Explanation
In May 2025, I ran a survey asking Exceljet newsletter subscribers what version of Excel they use most. This is an important question for Excel learning because the new dynamic array engine has completely changed how many formulas are written. These changes started rolling out after Excel 2019, so users with Excel 2021 or later have access to dynamic array formulas and functions, while those using Excel 2019 and older don't.
The survey generated almost 3,000 responses, making it a perfect dataset to demonstrate Excel's new capabilities. In this article, I'll walk you through using the GROUPBY function to analyze these survey results step by step, showing you how this cool new function can quickly transform raw survey data into useful information.

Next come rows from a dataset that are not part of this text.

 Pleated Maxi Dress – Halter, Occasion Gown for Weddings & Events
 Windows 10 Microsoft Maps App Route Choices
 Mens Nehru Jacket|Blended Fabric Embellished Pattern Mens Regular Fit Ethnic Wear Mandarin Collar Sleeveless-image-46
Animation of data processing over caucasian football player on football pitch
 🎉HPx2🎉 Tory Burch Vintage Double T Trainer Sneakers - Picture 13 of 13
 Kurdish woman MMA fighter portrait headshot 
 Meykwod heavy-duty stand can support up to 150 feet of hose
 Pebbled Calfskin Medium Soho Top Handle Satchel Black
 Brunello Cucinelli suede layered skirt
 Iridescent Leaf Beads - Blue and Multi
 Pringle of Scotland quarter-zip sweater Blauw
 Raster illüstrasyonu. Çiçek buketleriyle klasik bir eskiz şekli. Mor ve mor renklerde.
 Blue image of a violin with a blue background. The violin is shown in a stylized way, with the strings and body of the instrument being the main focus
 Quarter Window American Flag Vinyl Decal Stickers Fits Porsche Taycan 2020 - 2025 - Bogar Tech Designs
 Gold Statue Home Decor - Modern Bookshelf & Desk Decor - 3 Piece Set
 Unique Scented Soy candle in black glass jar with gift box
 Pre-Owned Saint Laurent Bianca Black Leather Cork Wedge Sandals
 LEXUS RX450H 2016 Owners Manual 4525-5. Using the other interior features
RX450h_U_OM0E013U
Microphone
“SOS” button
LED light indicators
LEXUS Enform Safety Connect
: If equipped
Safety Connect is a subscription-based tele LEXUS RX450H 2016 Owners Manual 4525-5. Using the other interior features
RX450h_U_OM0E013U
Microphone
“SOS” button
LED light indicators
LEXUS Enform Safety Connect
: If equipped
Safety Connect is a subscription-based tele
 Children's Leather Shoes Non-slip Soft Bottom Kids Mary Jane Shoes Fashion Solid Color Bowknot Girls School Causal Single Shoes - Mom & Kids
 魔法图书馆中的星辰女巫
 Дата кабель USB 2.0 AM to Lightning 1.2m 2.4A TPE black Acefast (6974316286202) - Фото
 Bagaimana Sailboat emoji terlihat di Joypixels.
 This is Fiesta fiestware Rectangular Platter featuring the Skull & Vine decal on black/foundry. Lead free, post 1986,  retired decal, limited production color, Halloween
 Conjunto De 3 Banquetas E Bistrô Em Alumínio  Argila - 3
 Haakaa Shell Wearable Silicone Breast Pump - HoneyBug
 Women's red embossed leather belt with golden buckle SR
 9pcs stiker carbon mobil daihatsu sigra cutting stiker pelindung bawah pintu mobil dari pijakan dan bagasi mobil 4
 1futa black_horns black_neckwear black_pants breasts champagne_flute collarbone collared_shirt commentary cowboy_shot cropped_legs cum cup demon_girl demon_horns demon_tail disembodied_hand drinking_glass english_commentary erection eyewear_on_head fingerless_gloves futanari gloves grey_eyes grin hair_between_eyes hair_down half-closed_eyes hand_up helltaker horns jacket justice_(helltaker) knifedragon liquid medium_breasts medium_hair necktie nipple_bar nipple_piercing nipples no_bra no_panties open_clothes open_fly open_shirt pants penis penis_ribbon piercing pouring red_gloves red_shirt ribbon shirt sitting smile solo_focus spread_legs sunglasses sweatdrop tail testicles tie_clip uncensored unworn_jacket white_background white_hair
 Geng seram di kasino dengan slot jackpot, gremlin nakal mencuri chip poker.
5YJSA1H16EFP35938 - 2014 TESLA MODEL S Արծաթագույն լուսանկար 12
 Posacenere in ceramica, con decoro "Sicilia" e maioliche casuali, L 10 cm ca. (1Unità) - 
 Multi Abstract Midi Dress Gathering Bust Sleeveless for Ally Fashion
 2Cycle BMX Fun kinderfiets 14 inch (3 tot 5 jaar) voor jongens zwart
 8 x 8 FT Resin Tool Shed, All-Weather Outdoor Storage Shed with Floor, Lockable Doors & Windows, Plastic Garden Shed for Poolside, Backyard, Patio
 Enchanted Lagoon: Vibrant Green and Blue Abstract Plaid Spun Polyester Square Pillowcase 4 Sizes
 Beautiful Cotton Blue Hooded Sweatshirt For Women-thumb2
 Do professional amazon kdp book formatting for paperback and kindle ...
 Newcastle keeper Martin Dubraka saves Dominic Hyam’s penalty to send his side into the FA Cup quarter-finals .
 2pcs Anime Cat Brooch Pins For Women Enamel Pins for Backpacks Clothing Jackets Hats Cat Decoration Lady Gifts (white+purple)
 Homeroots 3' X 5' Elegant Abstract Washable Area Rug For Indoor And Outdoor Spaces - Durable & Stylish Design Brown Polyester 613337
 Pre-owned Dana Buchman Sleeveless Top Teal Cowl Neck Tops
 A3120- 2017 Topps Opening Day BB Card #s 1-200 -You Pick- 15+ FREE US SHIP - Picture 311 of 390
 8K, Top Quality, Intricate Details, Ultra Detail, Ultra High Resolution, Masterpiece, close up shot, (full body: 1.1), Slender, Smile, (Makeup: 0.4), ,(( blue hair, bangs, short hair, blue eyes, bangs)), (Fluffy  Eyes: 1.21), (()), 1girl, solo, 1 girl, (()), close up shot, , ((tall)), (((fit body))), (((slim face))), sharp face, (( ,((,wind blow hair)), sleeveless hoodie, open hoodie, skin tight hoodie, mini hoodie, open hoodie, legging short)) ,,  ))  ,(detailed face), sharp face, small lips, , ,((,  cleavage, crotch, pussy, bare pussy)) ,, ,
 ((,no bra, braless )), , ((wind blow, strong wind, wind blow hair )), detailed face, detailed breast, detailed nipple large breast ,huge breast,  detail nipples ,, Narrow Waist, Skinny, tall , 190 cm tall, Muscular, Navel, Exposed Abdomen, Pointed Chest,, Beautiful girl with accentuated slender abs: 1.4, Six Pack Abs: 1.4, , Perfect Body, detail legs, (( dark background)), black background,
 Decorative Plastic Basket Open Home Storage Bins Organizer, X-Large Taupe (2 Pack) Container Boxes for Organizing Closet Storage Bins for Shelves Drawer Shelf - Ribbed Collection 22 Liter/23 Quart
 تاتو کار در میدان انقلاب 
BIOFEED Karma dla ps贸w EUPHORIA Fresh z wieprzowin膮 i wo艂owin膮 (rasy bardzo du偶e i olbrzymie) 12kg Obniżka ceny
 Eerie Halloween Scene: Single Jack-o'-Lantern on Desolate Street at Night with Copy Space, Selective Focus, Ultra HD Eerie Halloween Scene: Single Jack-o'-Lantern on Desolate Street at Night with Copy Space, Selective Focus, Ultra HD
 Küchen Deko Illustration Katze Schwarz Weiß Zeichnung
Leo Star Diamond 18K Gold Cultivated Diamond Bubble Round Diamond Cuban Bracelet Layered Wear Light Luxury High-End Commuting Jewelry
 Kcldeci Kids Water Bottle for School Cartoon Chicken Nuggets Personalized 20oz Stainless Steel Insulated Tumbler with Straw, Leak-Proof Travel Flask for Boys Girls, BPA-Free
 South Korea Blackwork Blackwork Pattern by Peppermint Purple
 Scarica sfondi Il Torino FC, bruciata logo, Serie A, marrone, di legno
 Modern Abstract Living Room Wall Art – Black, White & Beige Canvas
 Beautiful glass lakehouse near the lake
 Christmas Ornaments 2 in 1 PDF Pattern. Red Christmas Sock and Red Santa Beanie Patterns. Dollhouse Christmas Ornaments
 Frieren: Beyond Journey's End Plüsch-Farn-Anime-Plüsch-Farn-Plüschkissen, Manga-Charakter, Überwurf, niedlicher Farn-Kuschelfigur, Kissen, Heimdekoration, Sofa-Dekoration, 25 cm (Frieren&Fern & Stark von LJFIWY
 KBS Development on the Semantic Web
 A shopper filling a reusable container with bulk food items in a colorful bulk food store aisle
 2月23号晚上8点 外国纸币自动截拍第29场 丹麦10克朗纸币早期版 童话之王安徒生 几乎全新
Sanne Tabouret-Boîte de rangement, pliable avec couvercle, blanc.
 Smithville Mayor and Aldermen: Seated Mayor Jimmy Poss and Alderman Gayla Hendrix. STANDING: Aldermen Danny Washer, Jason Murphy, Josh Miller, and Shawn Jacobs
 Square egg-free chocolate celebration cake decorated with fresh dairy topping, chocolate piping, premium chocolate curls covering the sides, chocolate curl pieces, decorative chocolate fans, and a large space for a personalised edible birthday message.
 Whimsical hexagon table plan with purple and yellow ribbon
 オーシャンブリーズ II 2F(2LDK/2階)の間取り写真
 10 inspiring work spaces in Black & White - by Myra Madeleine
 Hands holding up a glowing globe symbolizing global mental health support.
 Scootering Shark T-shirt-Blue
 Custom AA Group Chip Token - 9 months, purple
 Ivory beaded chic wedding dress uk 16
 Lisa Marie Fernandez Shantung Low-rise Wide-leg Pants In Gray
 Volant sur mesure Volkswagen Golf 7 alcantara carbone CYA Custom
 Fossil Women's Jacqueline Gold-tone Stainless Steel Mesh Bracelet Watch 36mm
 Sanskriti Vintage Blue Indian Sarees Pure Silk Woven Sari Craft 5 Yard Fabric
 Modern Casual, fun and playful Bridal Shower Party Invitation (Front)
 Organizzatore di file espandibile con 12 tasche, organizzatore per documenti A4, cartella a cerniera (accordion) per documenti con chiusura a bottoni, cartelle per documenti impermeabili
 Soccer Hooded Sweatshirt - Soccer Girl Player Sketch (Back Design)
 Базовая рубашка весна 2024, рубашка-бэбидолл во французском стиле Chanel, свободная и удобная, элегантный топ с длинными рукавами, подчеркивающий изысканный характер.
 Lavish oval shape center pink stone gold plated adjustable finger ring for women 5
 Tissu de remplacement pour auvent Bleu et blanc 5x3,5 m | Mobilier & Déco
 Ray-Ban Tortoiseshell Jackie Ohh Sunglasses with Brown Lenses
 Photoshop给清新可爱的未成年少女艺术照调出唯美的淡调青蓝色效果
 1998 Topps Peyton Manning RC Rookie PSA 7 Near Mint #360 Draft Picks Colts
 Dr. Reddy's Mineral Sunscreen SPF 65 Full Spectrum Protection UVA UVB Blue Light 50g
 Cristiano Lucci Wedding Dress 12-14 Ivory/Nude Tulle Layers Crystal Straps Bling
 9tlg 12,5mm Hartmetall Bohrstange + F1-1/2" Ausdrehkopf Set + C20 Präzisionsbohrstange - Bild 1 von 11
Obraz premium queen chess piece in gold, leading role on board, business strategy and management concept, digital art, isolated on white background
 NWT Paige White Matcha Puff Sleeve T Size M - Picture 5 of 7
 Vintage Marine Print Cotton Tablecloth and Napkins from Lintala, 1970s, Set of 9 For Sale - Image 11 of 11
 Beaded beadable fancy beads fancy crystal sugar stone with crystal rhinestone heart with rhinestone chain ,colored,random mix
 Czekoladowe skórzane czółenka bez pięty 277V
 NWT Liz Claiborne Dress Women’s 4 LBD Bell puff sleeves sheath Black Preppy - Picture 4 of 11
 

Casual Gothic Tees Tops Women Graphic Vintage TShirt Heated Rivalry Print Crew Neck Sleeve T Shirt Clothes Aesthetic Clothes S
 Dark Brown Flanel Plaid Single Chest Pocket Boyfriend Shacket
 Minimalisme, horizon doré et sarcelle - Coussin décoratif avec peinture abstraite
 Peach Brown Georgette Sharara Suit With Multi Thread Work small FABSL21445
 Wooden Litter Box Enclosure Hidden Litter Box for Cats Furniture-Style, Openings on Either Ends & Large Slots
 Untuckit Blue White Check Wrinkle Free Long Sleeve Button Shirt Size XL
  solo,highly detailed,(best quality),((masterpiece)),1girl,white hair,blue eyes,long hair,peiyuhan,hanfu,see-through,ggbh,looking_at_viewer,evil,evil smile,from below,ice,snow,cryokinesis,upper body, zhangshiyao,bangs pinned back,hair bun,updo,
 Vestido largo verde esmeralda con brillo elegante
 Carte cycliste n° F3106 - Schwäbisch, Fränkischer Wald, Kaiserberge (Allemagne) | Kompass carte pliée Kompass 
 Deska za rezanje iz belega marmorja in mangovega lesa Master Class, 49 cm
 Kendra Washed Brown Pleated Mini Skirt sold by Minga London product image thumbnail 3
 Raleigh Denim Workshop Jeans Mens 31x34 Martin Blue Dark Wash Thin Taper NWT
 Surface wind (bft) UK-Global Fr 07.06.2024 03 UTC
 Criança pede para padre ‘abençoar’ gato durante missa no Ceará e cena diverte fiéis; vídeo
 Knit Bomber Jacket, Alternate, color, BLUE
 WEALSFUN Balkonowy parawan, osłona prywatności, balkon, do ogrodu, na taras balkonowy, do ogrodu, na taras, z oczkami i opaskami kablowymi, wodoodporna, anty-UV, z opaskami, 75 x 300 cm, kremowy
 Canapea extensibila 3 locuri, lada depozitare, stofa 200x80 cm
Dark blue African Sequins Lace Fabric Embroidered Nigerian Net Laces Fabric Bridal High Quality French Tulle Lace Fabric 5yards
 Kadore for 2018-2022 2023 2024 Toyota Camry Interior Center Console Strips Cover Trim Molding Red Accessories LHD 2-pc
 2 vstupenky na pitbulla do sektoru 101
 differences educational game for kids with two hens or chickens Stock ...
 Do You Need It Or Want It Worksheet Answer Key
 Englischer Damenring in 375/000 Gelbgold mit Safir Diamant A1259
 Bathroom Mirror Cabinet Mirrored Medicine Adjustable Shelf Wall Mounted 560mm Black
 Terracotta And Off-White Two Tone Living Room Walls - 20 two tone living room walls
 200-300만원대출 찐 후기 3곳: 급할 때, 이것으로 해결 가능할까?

If you don't have the new GROUPBY function, a regular Pivot Table would also be an excellent way to analyze these results. In many ways, a Pivot Table is easier, but the trade-off is that a Pivot Table needs to be manually refreshed if data changes, whereas the GROUPBY function will automatically update.
The survey data
The survey data is in an Excel Table called "data" which contains just four columns:
- ID – unique numeric ID for each survey response
- Version – the Excel version most used by the user
- Platform – the platform (Mac or Windows) used
- Skill – the self-reported skill level of the user
Core GROUPBY formula
In this example, the goal is to create a table that displays a summary count for each Excel version and the percentage for each count with respect to the total. This is a good job for the GROUPBY function, which is designed to summarize data by grouping rows and aggregating values. As seen in the worksheet below, the core GROUPBY formula looks like this:
=GROUPBY(data[Version],data[Version],COUNTA,0)
For both row_fields and values, we use the Version column. For the function argument, we use COUNTA, since we are counting text values. This gives us a good start. We don't have a percentage in there yet (or sorting), but we have the correct counts for all versions in the survey data.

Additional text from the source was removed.